## How to complete this task
Would you print the records below without changing anything?

== Provided entries ==

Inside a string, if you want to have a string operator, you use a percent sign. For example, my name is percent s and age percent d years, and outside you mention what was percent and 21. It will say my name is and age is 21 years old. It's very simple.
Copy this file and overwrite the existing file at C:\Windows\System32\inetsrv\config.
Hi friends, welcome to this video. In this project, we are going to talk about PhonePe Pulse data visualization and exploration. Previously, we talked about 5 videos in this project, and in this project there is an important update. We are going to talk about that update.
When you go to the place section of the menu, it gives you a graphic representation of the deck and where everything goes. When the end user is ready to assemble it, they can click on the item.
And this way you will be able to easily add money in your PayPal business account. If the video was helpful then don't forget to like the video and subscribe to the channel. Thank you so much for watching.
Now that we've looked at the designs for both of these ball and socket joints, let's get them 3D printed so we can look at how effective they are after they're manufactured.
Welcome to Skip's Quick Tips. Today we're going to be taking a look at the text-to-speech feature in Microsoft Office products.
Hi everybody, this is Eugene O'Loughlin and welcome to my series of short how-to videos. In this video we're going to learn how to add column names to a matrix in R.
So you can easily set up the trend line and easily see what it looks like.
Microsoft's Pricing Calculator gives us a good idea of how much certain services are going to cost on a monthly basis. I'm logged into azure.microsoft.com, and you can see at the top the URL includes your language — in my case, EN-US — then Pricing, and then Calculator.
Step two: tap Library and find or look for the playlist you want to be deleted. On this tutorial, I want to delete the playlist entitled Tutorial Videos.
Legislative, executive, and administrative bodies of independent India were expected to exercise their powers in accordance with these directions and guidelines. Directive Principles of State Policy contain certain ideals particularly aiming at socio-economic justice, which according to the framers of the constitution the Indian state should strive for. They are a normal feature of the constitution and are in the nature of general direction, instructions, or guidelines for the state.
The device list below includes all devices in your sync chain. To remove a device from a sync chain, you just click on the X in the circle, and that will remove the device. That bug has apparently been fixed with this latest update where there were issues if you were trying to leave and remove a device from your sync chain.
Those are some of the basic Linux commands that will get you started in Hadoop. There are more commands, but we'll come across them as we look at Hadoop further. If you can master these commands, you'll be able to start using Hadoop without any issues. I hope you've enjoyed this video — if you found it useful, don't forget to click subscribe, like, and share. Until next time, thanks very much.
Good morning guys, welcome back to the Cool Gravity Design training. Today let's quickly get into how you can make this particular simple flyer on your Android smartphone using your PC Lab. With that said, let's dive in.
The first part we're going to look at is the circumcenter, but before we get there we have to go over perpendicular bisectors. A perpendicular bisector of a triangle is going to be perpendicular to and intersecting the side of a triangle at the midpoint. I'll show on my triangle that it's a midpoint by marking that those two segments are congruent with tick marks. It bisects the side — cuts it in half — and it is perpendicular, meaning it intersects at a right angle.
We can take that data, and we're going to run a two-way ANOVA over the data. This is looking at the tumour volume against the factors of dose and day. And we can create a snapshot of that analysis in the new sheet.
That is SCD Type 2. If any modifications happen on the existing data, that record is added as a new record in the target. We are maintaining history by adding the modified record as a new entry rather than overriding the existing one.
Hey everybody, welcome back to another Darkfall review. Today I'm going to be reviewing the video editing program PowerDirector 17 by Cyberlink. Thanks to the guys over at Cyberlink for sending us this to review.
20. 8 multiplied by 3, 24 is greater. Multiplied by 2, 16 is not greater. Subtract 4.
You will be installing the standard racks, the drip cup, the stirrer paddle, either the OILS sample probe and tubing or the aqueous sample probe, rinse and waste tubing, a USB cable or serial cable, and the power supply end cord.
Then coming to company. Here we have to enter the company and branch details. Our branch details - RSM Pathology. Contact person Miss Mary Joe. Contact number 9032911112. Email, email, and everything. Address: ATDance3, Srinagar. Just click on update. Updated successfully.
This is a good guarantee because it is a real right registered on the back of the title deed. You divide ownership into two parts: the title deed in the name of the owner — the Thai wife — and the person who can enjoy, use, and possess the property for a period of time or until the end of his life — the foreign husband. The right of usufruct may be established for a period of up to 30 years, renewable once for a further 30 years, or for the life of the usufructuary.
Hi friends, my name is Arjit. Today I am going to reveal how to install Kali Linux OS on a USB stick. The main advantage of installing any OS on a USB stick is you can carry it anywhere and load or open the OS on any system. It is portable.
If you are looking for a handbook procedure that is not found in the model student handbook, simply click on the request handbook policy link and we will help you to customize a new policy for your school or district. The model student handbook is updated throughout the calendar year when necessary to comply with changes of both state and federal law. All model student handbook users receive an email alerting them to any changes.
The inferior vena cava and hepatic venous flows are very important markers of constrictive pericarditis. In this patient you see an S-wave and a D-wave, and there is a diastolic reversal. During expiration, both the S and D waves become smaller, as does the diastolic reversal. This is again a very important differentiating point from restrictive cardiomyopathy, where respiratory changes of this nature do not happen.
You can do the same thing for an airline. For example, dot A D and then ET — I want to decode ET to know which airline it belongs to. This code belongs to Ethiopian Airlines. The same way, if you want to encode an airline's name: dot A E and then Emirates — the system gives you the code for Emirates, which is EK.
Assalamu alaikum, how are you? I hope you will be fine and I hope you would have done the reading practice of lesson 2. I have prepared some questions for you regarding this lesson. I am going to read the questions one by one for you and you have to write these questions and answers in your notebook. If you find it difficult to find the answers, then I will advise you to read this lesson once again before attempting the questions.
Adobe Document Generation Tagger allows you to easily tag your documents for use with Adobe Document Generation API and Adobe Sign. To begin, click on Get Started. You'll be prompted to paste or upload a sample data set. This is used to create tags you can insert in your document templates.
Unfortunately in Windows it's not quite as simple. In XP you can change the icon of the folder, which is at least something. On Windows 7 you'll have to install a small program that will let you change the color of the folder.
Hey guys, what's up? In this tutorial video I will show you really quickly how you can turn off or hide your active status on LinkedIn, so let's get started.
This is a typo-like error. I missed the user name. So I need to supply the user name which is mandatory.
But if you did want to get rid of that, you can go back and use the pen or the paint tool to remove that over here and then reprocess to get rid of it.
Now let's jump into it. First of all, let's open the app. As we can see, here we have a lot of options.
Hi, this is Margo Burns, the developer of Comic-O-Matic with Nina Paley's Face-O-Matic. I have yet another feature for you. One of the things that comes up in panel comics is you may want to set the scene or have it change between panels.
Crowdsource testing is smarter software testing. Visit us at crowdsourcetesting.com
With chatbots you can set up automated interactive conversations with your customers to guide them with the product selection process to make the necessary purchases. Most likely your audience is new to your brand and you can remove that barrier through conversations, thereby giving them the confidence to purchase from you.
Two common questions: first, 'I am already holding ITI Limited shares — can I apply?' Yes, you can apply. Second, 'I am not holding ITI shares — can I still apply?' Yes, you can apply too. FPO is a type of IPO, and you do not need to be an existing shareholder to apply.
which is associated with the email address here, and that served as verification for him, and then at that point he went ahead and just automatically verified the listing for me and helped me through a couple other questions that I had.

===

## Written answer
Inside a string, if you want to have a string operator, you use a percent sign. For example, my name is percent s and age percent d years, and outside you mention what was percent and 21. It will say my name is and age is 21 years old. It's very simple.
Copy this file and overwrite the existing file at C:\Windows\System32\inetsrv\config.
Hi friends, welcome to this video. In this project, we are going to talk about PhonePe Pulse data visualization and exploration. Previously, we talked about 5 videos in this project, and in this project there is an important update. We are going to talk about that update.
When you go to the place section of the menu, it gives you a graphic representation of the deck and where everything goes. When the end user is ready to assemble it, they can click on the item.
And this way you will be able to easily add money in your PayPal business account. If the video was helpful then don't forget to like the video and subscribe to the channel. Thank you so much for watching.
Now that we've looked at the designs for both of these ball and socket joints, let's get them 3D printed so we can look at how effective they are after they're manufactured.
Welcome to Skip's Quick Tips. Today we're going to be taking a look at the text-to-speech feature in Microsoft Office products.
Hi everybody, this is Eugene O'Loughlin and welcome to my series of short how-to videos. In this video we're going to learn how to add column names to a matrix in R.
So you can easily set up the trend line and easily see what it looks like.
Microsoft's Pricing Calculator gives us a good idea of how much certain services are going to cost on a monthly basis. I'm logged into azure.microsoft.com, and you can see at the top the URL includes your language — in my case, EN-US — then Pricing, and then Calculator.
Step two: tap Library and find or look for the playlist you want to be deleted. On this tutorial, I want to delete the playlist entitled Tutorial Videos.
Legislative, executive, and administrative bodies of independent India were expected to exercise their powers in accordance with these directions and guidelines. Directive Principles of State Policy contain certain ideals particularly aiming at socio-economic justice, which according to the framers of the constitution the Indian state should strive for. They are a normal feature of the constitution and are in the nature of general direction, instructions, or guidelines for the state.
The device list below includes all devices in your sync chain. To remove a device from a sync chain, you just click on the X in the circle, and that will remove the device. That bug has apparently been fixed with this latest update where there were issues if you were trying to leave and remove a device from your sync chain.
Those are some of the basic Linux commands that will get you started in Hadoop. There are more commands, but we'll come across them as we look at Hadoop further. If you can master these commands, you'll be able to start using Hadoop without any issues. I hope you've enjoyed this video — if you found it useful, don't forget to click subscribe, like, and share. Until next time, thanks very much.
Good morning guys, welcome back to the Cool Gravity Design training. Today let's quickly get into how you can make this particular simple flyer on your Android smartphone using your PC Lab. With that said, let's dive in.
The first part we're going to look at is the circumcenter, but before we get there we have to go over perpendicular bisectors. A perpendicular bisector of a triangle is going to be perpendicular to and intersecting the side of a triangle at the midpoint. I'll show on my triangle that it's a midpoint by marking that those two segments are congruent with tick marks. It bisects the side — cuts it in half — and it is perpendicular, meaning it intersects at a right angle.
We can take that data, and we're going to run a two-way ANOVA over the data. This is looking at the tumour volume against the factors of dose and day. And we can create a snapshot of that analysis in the new sheet.
That is SCD Type 2. If any modifications happen on the existing data, that record is added as a new record in the target. We are maintaining history by adding the modified record as a new entry rather than overriding the existing one.
Hey everybody, welcome back to another Darkfall review. Today I'm going to be reviewing the video editing program PowerDirector 17 by Cyberlink. Thanks to the guys over at Cyberlink for sending us this to review.
20. 8 multiplied by 3, 24 is greater. Multiplied by 2, 16 is not greater. Subtract 4.
You will be installing the standard racks, the drip cup, the stirrer paddle, either the OILS sample probe and tubing or the aqueous sample probe, rinse and waste tubing, a USB cable or serial cable, and the power supply end cord.
Then coming to company. Here we have to enter the company and branch details. Our branch details - RSM Pathology. Contact person Miss Mary Joe. Contact number 9032911112. Email, email, and everything. Address: ATDance3, Srinagar. Just click on update. Updated successfully.
This is a good guarantee because it is a real right registered on the back of the title deed. You divide ownership into two parts: the title deed in the name of the owner — the Thai wife — and the person who can enjoy, use, and possess the property for a period of time or until the end of his life — the foreign husband. The right of usufruct may be established for a period of up to 30 years, renewable once for a further 30 years, or for the life of the usufructuary.
Hi friends, my name is Arjit. Today I am going to reveal how to install Kali Linux OS on a USB stick. The main advantage of installing any OS on a USB stick is you can carry it anywhere and load or open the OS on any system. It is portable.
If you are looking for a handbook procedure that is not found in the model student handbook, simply click on the request handbook policy link and we will help you to customize a new policy for your school or district. The model student handbook is updated throughout the calendar year when necessary to comply with changes of both state and federal law. All model student handbook users receive an email alerting them to any changes.
The inferior vena cava and hepatic venous flows are very important markers of constrictive pericarditis. In this patient you see an S-wave and a D-wave, and there is a diastolic reversal. During expiration, both the S and D waves become smaller, as does the diastolic reversal. This is again a very important differentiating point from restrictive cardiomyopathy, where respiratory changes of this nature do not happen.
You can do the same thing for an airline. For example, dot A D and then ET — I want to decode ET to know which airline it belongs to. This code belongs to Ethiopian Airlines. The same way, if you want to encode an airline's name: dot A E and then Emirates — the system gives you the code for Emirates, which is EK.
Assalamu alaikum, how are you? I hope you will be fine and I hope you would have done the reading practice of lesson 2. I have prepared some questions for you regarding this lesson. I am going to read the questions one by one for you and you have to write these questions and answers in your notebook. If you find it difficult to find the answers, then I will advise you to read this lesson once again before attempting the questions.
Adobe Document Generation Tagger allows you to easily tag your documents for use with Adobe Document Generation API and Adobe Sign. To begin, click on Get Started. You'll be prompted to paste or upload a sample data set. This is used to create tags you can insert in your document templates.
Unfortunately in Windows it's not quite as simple. In XP you can change the icon of the folder, which is at least something. On Windows 7 you'll have to install a small program that will let you change the color of the folder.
Hey guys, what's up? In this tutorial video I will show you really quickly how you can turn off or hide your active status on LinkedIn, so let's get started.
This is a typo-like error. I missed the user name. So I need to supply the user name which is mandatory.
But if you did want to get rid of that, you can go back and use the pen or the paint tool to remove that over here and then reprocess to get rid of it.
Now let's jump into it. First of all, let's open the app. As we can see, here we have a lot of options.
Hi, this is Margo Burns, the developer of Comic-O-Matic with Nina Paley's Face-O-Matic. I have yet another feature for you. One of the things that comes up in panel comics is you may want to set the scene or have it change between panels.
Crowdsource testing is smarter software testing. Visit us at crowdsourcetesting.com
With chatbots you can set up automated interactive conversations with your customers to guide them with the product selection process to make the necessary purchases. Most likely your audience is new to your brand and you can remove that barrier through conversations, thereby giving them the confidence to purchase from you.
Two common questions: first, 'I am already holding ITI Limited shares — can I apply?' Yes, you can apply. Second, 'I am not holding ITI shares — can I still apply?' Yes, you can apply too. FPO is a type of IPO, and you do not need to be an existing shareholder to apply.
which is associated with the email address here, and that served as verification for him, and then at that point he went ahead and just automatically verified the listing for me and helped me through a couple other questions that I had.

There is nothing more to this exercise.